Re: [PATCH 22/23] drbd: implement REQ_OP_WRITE_ZEROES
Mike Snitzer writes: Mike, > But while discussing this effort with Jeff Moyer he asked: shouldn't the > zeroed blocks be provisioned? This is a fairly embarassing question not > to be able to answer in the moment. So I clearly need to learn what the > overall intent of WRITE_ZEROES actually is. The intent is to guarantee all future reads to these blocks will return zeroes. Whether to allocate or deallocate or do a combination to achieve that goal is up to the device. > If it is meant as a replacement for WRITE_SAME (as hch switched dm-io > over from WRITE_SAME with a payload of 0 to WRITE_ZEROES) and for the > backing mechanism for blkdev_issue_zeroout() then I guess I have my > answer. Yes. I was hoping MD would use WRITE SAME to initialize data and parity drives. That's why I went with SAME nomenclature rather than ZEROES (which had just appeared in NVMe at that time). Christoph's renaming is mostly to emphasize the purpose and the semantics. People keep getting confused because both REQ_DISCARD and REQ_WRITE_SAME use the WRITE SAME SCSI command. But the two uses are completely orthogonal and governed by different heuristics in sd.c. > Unless DM thinp can guarantee that the discarded blocks will > always return zeroes (by zeroing before all partial block writes) my > discard based dm-thinp implementation of WRITE_ZEROES is a complete > throw-away (unless block zeroing is enabled.. which it never is because > performance sucks with it). So if an upper-level of the IO stack > (e.g. ext4) were to assume that a block will _definitely_ have zeroes > then DM thinp would fall short. You don't have a way to mark those blocks as being full of zeroes without actually writing them? Note that the fallback to a zeroout command is to do a regular write. So if DM doesn't zero the blocks, the block layer is going to it. -- Martin K. Petersen Oracle Linux Engineering
Re: [PATCH 22/23] drbd: implement REQ_OP_WRITE_ZEROES
On Thu, Mar 30 2017 at 11:20am -0400, Martin K. Petersen wrote: > Mike Snitzer writes: > > > I can work on this now. Only question I have is: should DM thinp take > > care to zero any misaligned head and tail? (I assume so but with all > > the back and forth between Bart, Paolo and Martin I figured I'd ask > > explicitly). > > Yep, let's make sure our semantics match the hardware ditto. > > - So write zeroes should behave deterministically and explicitly handle >any blocks that can't be cleared via deprovisioning. > > - And discard can work at the discard granularity in a >non-deterministic fashion. I got pretty far along with implementing the DM thinp support for WRITE_ZEROES in terms of thinp's DISCARD support (more of an implementation detail.. or so I thought). But while discussing this effort with Jeff Moyer he asked: shouldn't the zeroed blocks be provisioned? This is a fairly embarassing question not to be able to answer in the moment. So I clearly need to learn what the overall intent of WRITE_ZEROES actually is. If it is meant as a replacement for WRITE_SAME (as hch switched dm-io over from WRITE_SAME with a payload of 0 to WRITE_ZEROES) and for the backing mechanism for blkdev_issue_zeroout() then I guess I have my answer. Unless DM thinp can guarantee that the discarded blocks will always return zeroes (by zeroing before all partial block writes) my discard based dm-thinp implementation of WRITE_ZEROES is a complete throw-away (unless block zeroing is enabled.. which it never is because performance sucks with it). So if an upper-level of the IO stack (e.g. ext4) were to assume that a block will _definitely_ have zeroes then DM thinp would fall short. This is all to say: I don't see a quick way forward on implementing performant WRITE_ZEROES support for DM thinp.

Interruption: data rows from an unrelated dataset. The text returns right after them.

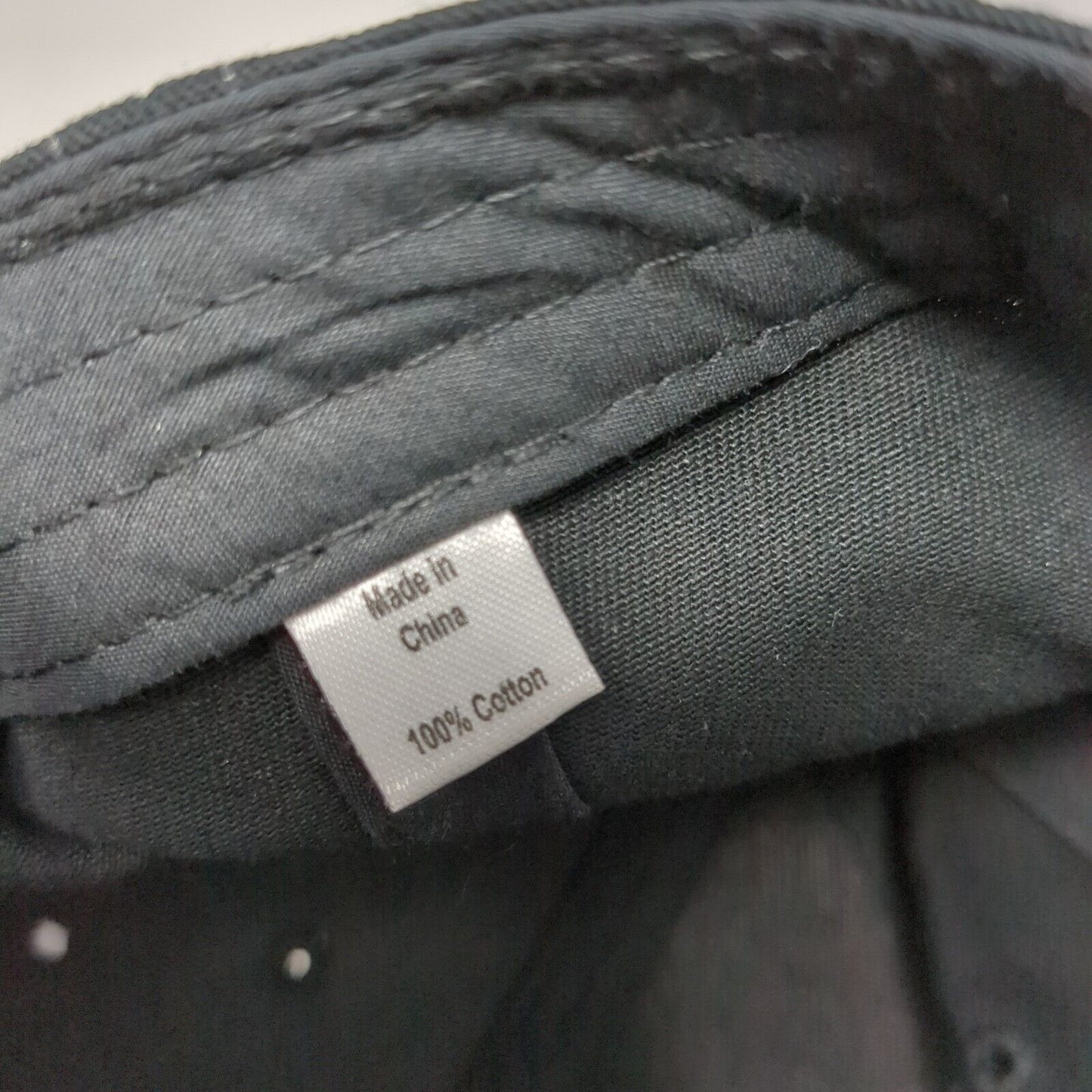 Mobil Pegasus Strapback Hat Black One Size Adjustable Embroidered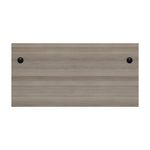 Jemini Rect Panel End Desk Grey Oak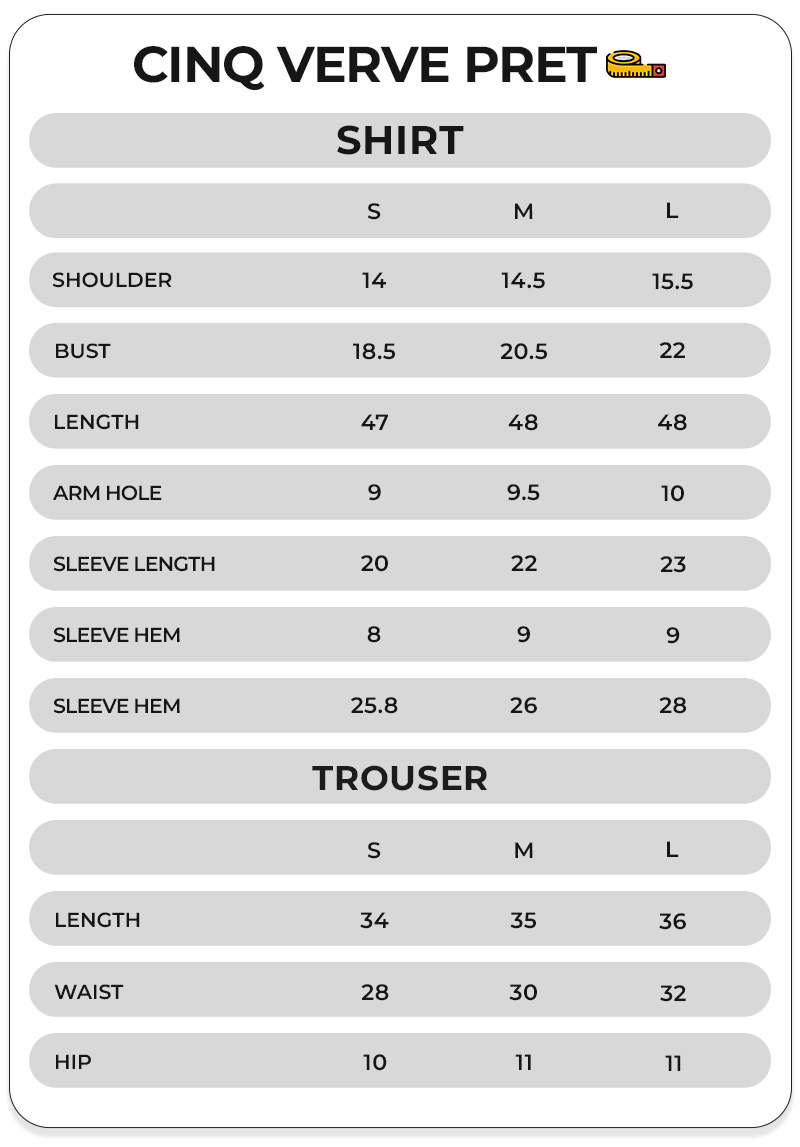 Size Chart Image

Re: [PATCH 22/23] drbd: implement REQ_OP_WRITE_ZEROES
Mike Snitzer writes: > I can work on this now. Only question I have is: should DM thinp take > care to zero any misaligned head and tail? (I assume so but with all > the back and forth between Bart, Paolo and Martin I figured I'd ask > explicitly). Yep, let's make sure our semantics match the hardware ditto. - So write zeroes should behave deterministically and explicitly handle any blocks that can't be cleared via deprovisioning. - And discard can work at the discard granularity in a non-deterministic fashion. -- Martin K. Petersen Oracle Linux Engineering
Re: [PATCH 22/23] drbd: implement REQ_OP_WRITE_ZEROES
On Thu, Mar 30 2017 at 7:44am -0400, Christoph Hellwig wrote: > On Thu, Mar 30, 2017 at 12:06:41PM +0200, Lars Ellenberg wrote: > > > Will it make an fstrim cause thinly provisioned > > devices to suddenly be fully allocated? > > Not for SCSI devices. Yes for dm-thinp until it implements > REQ_OP_WRITE_ZEROES, which will hopefully be soon. I can work on this now. Only question I have is: should DM thinp take care to zero any misaligned head and tail? (I assume so but with all the back and forth between Bart, Paolo and Martin I figured I'd ask explicitly).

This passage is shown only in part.